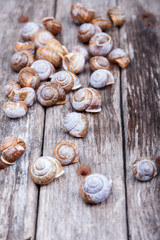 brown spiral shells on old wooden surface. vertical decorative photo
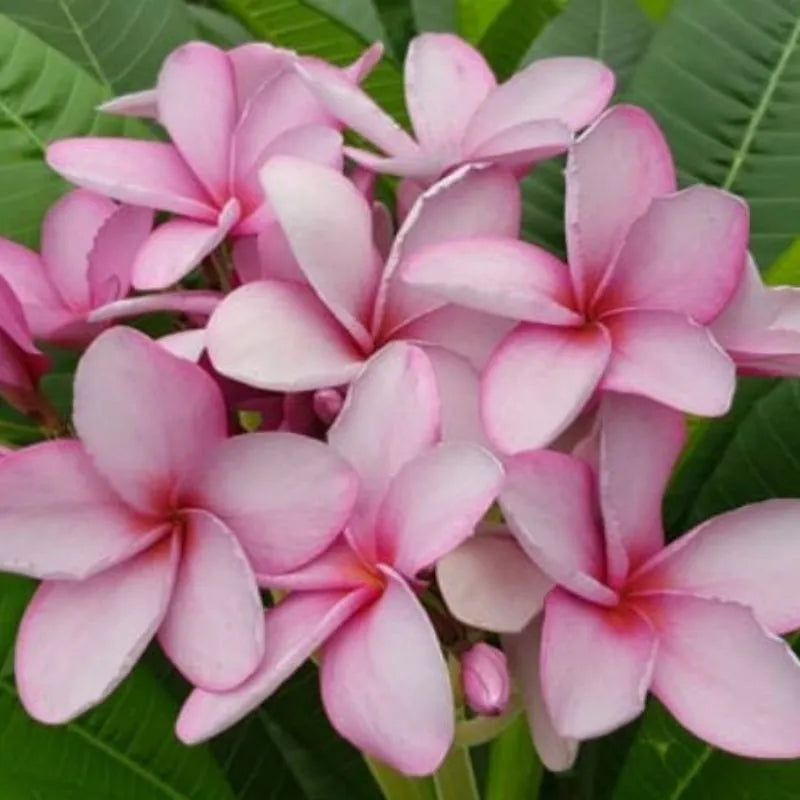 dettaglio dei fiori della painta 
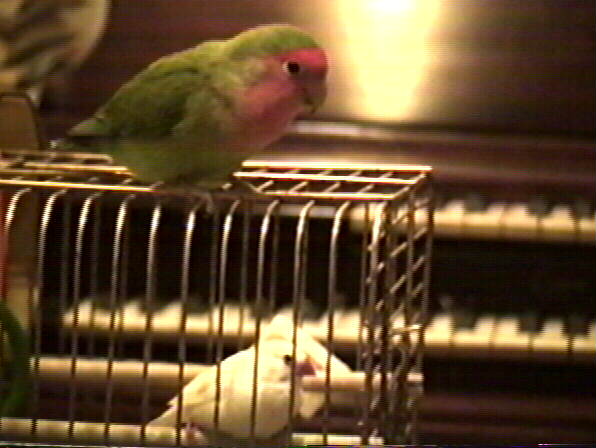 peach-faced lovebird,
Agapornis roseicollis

--

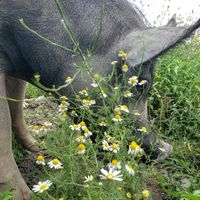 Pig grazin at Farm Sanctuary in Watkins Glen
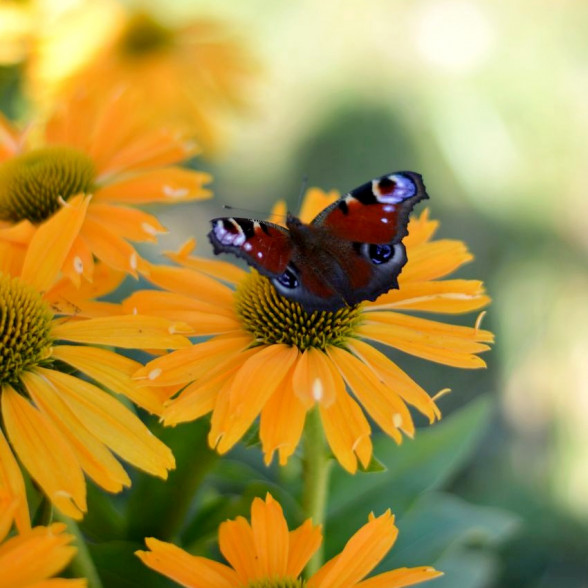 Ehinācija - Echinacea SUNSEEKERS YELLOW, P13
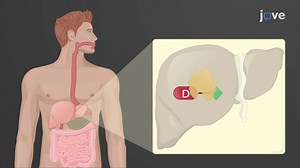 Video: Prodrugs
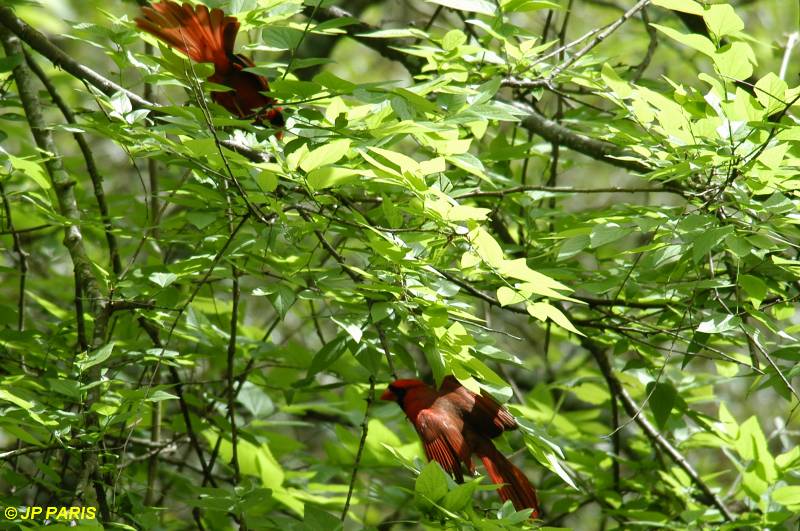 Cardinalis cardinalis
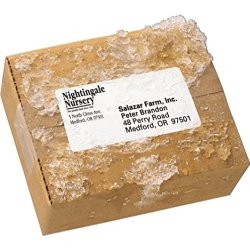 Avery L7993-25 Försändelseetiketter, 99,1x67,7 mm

> _What the exercise asks_:
Word for word, write out the lines above running from the one with "Cardinalis cardinalis" up to and including the one with "Avery L7993-25 Försändelseetiketter, 99,1x67,7". Drop any picture.

> _Result for this exercise_:
 Cardinalis cardinalis
 Avery L7993-25 Försändelseetiketter, 99,1x67,7 mm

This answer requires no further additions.